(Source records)
##############################

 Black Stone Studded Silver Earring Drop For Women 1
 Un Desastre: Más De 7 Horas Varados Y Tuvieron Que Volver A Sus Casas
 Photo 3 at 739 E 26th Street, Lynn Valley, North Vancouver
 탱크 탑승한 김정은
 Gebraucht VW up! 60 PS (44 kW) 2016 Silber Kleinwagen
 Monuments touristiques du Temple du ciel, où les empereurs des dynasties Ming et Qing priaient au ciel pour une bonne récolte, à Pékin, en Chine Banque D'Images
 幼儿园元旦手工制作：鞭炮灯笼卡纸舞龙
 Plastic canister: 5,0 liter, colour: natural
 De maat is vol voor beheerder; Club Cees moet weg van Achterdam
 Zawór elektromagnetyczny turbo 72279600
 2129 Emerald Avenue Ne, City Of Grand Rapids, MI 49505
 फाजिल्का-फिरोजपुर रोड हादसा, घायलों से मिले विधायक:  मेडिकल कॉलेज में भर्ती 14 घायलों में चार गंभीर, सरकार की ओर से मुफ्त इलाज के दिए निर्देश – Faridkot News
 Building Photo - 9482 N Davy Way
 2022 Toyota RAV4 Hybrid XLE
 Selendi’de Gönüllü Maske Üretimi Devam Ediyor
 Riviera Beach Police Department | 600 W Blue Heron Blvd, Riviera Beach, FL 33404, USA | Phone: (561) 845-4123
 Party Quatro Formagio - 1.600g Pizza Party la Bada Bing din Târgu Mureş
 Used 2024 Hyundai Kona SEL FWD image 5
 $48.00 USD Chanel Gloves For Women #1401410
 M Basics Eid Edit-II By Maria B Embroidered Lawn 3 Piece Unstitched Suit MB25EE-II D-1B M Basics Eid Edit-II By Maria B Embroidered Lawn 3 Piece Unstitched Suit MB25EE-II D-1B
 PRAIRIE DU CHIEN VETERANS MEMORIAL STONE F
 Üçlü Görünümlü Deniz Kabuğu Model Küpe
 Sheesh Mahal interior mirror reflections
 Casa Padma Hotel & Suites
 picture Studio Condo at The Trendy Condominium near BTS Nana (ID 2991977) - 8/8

##############################

» **TASK INSTRUCTIONS**
Please make an exact copy of each record.

» **SOLUTION TO THE PROBLEM**
 Black Stone Studded Silver Earring Drop For Women 1
 Un Desastre: Más De 7 Horas Varados Y Tuvieron Que Volver A Sus Casas
 Photo 3 at 739 E 26th Street, Lynn Valley, North Vancouver
 탱크 탑승한 김정은
 Gebraucht VW up! 60 PS (44 kW) 2016 Silber Kleinwagen
 Monuments touristiques du Temple du ciel, où les empereurs des dynasties Ming et Qing priaient au ciel pour une bonne récolte, à Pékin, en Chine Banque D'Images
 幼儿园元旦手工制作：鞭炮灯笼卡纸舞龙
 Plastic canister: 5,0 liter, colour: natural
 De maat is vol voor beheerder; Club Cees moet weg van Achterdam
 Zawór elektromagnetyczny turbo 72279600
 2129 Emerald Avenue Ne, City Of Grand Rapids, MI 49505
 फाजिल्का-फिरोजपुर रोड हादसा, घायलों से मिले विधायक:  मेडिकल कॉलेज में भर्ती 14 घायलों में चार गंभीर, सरकार की ओर से मुफ्त इलाज के दिए निर्देश – Faridkot News
 Building Photo - 9482 N Davy Way
 2022 Toyota RAV4 Hybrid XLE
 Selendi’de Gönüllü Maske Üretimi Devam Ediyor
 Riviera Beach Police Department | 600 W Blue Heron Blvd, Riviera Beach, FL 33404, USA | Phone: (561) 845-4123
 Party Quatro Formagio - 1.600g Pizza Party la Bada Bing din Târgu Mureş
 Used 2024 Hyundai Kona SEL FWD image 5
 $48.00 USD Chanel Gloves For Women #1401410
 M Basics Eid Edit-II By Maria B Embroidered Lawn 3 Piece Unstitched Suit MB25EE-II D-1B M Basics Eid Edit-II By Maria B Embroidered Lawn 3 Piece Unstitched Suit MB25EE-II D-1B
 PRAIRIE DU CHIEN VETERANS MEMORIAL STONE F
 Üçlü Görünümlü Deniz Kabuğu Model Küpe
 Sheesh Mahal interior mirror reflections
 Casa Padma Hotel & Suites
 picture Studio Condo at The Trendy Condominium near BTS Nana (ID 2991977) - 8/8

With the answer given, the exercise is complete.